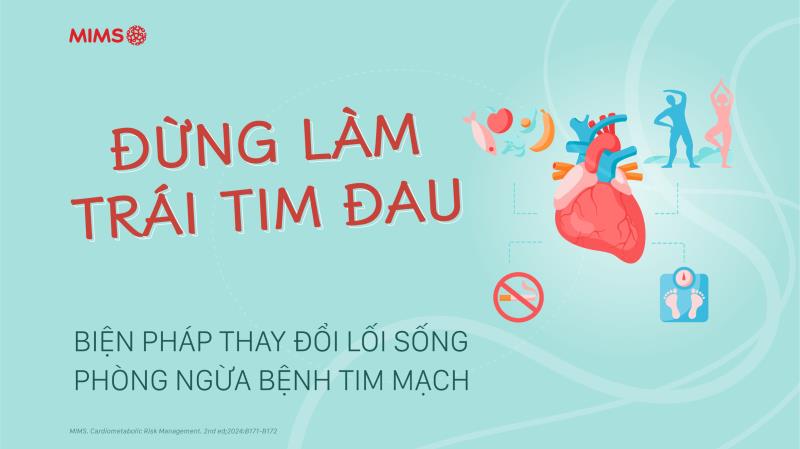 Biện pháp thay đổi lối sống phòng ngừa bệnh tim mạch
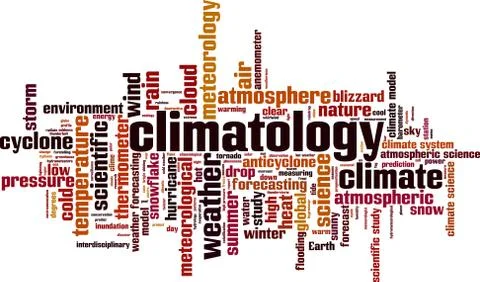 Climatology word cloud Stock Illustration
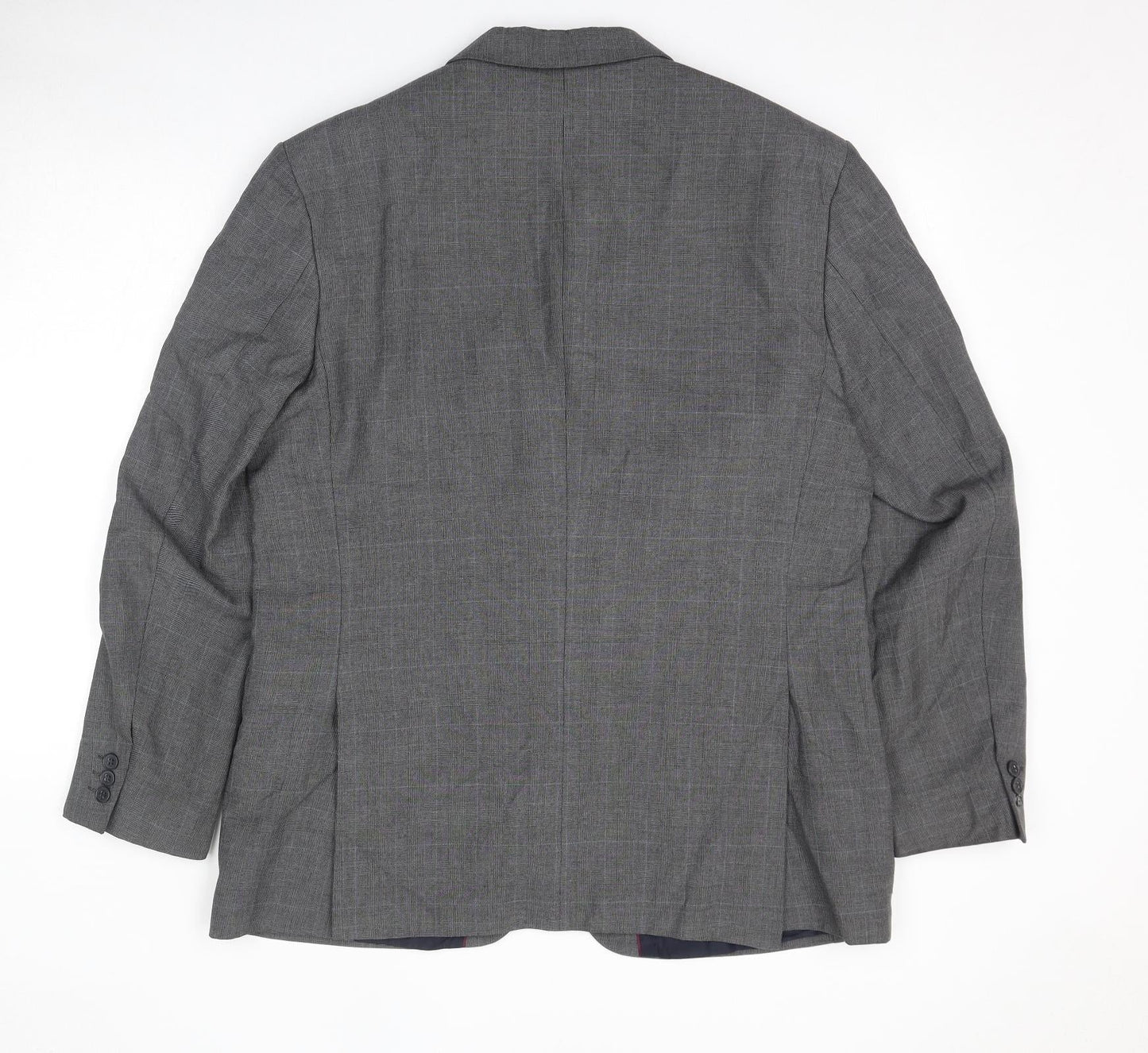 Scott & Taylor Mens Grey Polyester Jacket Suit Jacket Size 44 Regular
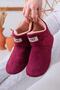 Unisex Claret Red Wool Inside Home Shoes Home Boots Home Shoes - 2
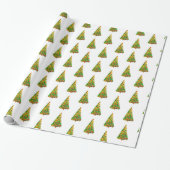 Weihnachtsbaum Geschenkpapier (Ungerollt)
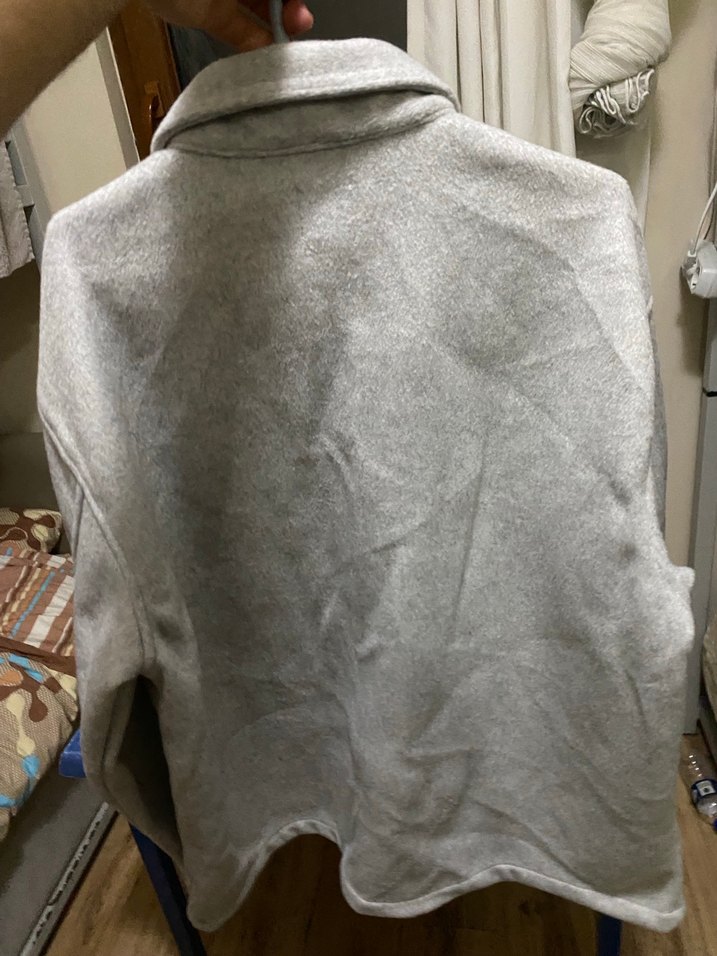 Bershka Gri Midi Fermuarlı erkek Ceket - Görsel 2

§ WHAT YOU HAVE TO DO
Repeat word for word, leaving out the pictures, each line of the records from the line that holds "Climatology word cloud Stock Illustration" through the final one.

§ EXPECTED OUTPUT
 Climatology word cloud Stock Illustration
 Scott & Taylor Mens Grey Polyester Jacket Suit Jacket Size 44 Regular
 Unisex Claret Red Wool Inside Home Shoes Home Boots Home Shoes - 2
 Weihnachtsbaum Geschenkpapier (Ungerollt)
 Bershka Gri Midi Fermuarlı erkek Ceket - Görsel 2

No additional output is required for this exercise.